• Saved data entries

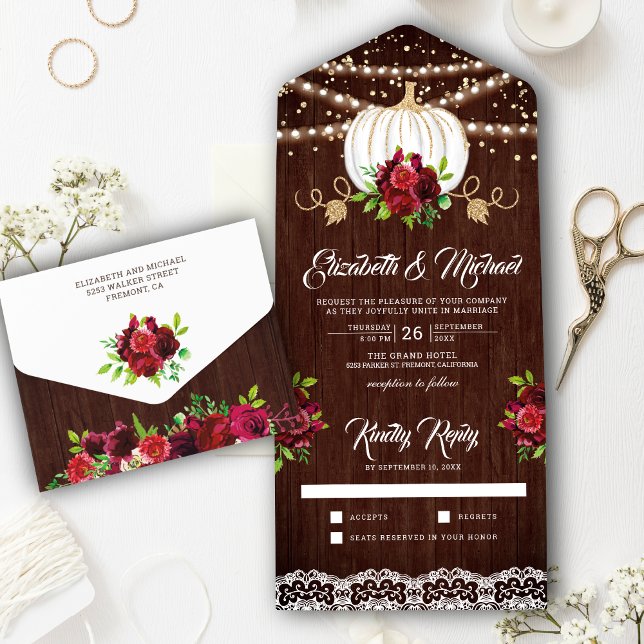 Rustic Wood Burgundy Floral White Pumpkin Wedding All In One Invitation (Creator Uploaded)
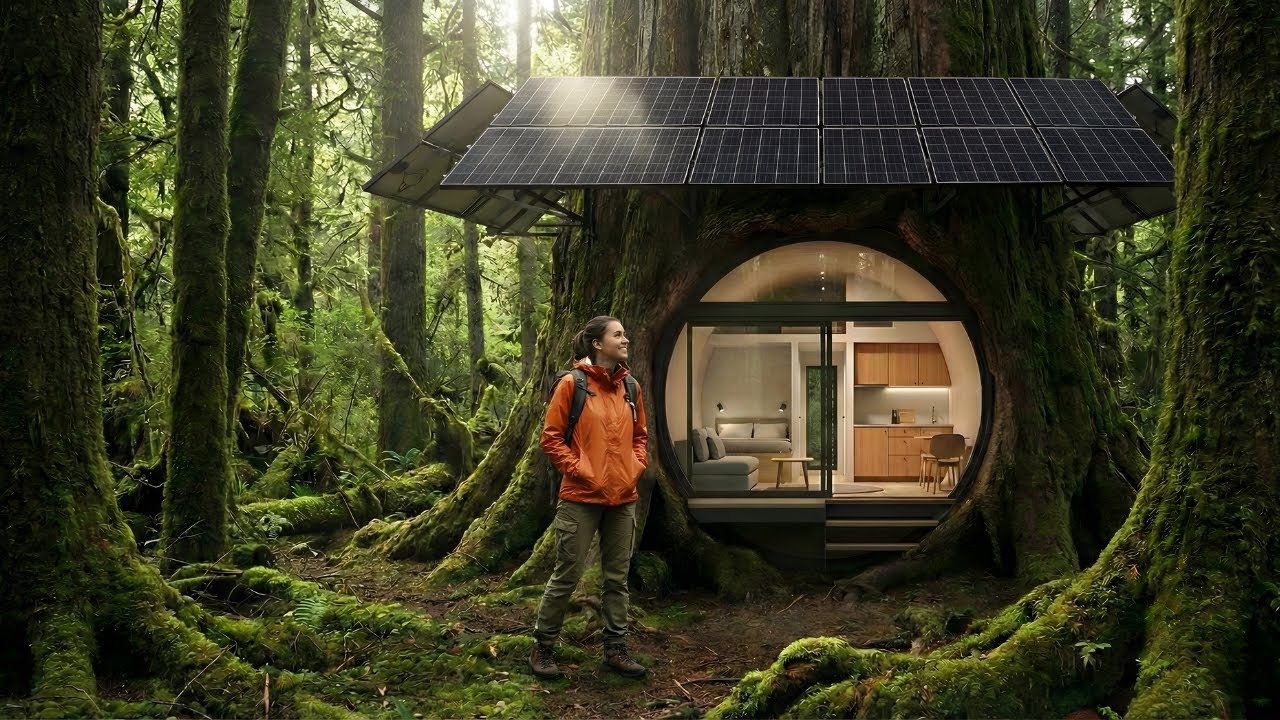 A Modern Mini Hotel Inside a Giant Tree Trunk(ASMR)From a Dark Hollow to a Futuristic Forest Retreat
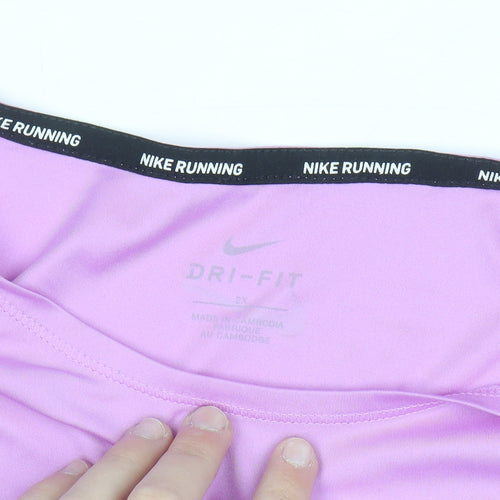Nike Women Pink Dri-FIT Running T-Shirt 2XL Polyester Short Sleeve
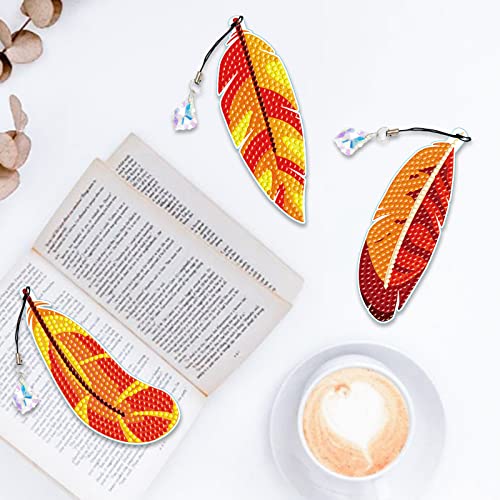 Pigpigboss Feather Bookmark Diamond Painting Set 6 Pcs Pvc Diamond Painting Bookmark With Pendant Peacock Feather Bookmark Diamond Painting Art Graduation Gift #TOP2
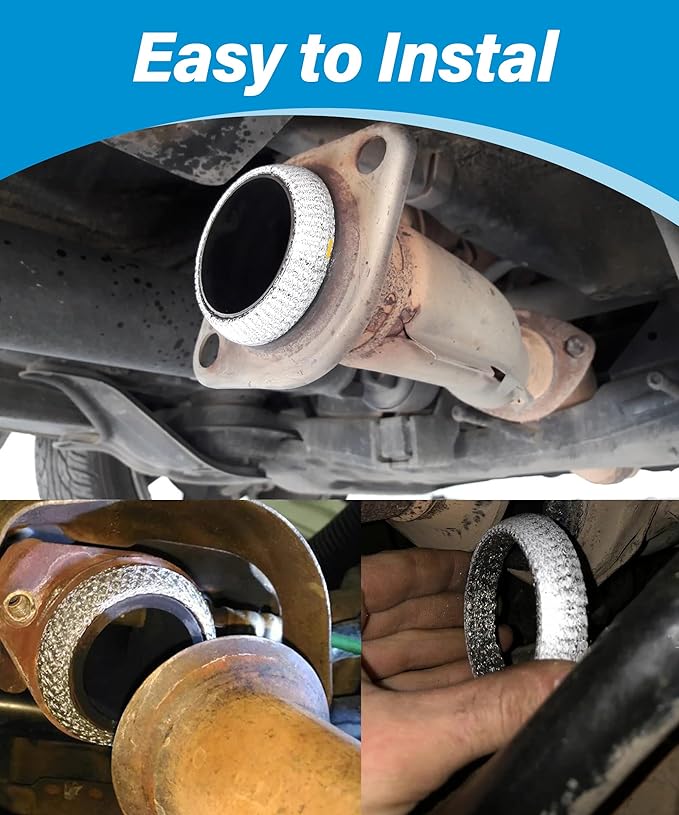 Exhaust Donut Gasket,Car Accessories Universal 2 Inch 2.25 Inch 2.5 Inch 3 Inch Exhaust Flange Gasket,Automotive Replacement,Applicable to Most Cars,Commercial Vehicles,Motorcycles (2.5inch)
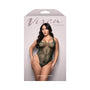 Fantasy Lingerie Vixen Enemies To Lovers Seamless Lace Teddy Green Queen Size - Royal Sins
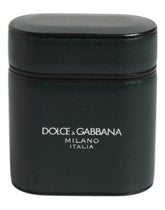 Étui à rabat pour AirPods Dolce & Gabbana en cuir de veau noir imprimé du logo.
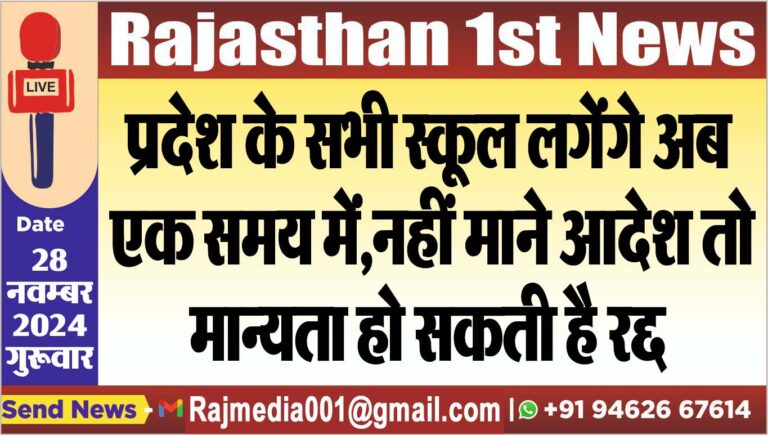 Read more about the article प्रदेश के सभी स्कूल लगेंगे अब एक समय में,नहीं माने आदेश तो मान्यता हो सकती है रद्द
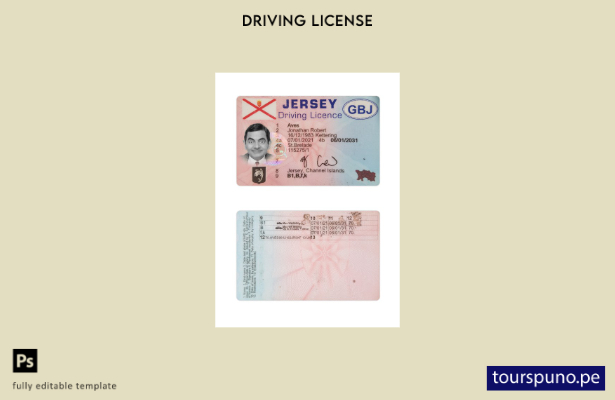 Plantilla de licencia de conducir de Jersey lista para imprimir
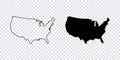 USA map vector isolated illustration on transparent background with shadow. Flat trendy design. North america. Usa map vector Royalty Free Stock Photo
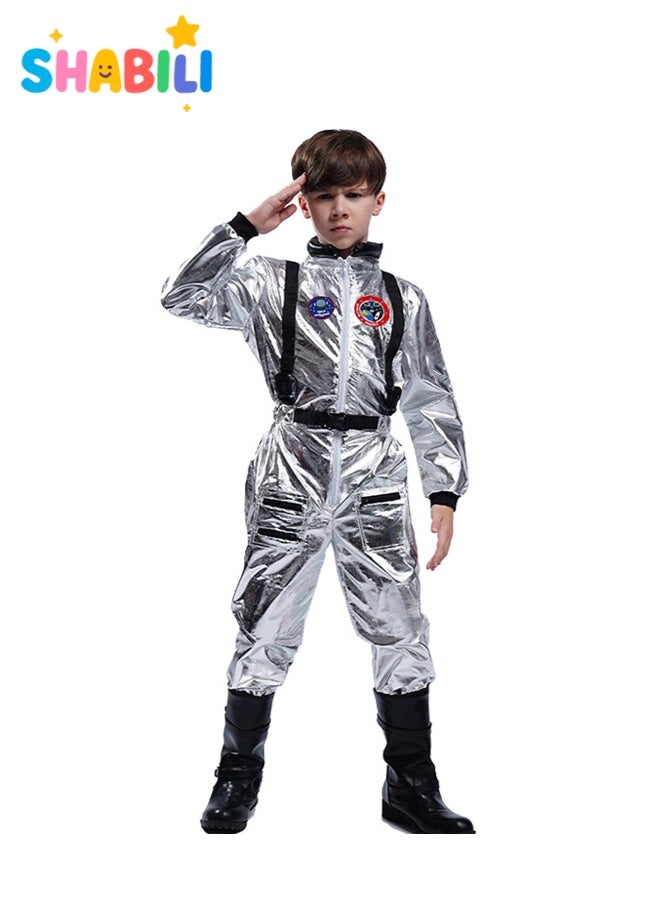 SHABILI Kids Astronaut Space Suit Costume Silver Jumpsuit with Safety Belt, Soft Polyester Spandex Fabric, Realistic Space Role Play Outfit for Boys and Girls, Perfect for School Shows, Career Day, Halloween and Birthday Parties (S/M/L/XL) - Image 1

• WHAT YOU WILL DO
From the records above, write out exactly the lines that begin at the line with "Étui à rabat" and end at the line with "USA map vector isolated". Pictures must not appear in the output.

• RESPONSE TO THE EXERCISE
 Étui à rabat pour AirPods Dolce & Gabbana en cuir de veau noir imprimé du logo.
 Read more about the article प्रदेश के सभी स्कूल लगेंगे अब एक समय में,नहीं माने आदेश तो मान्यता हो सकती है रद्द
 Plantilla de licencia de conducir de Jersey lista para imprimir
 USA map vector isolated illustration on transparent background with shadow. Flat trendy design. North america. Usa map vector Royalty Free Stock Photo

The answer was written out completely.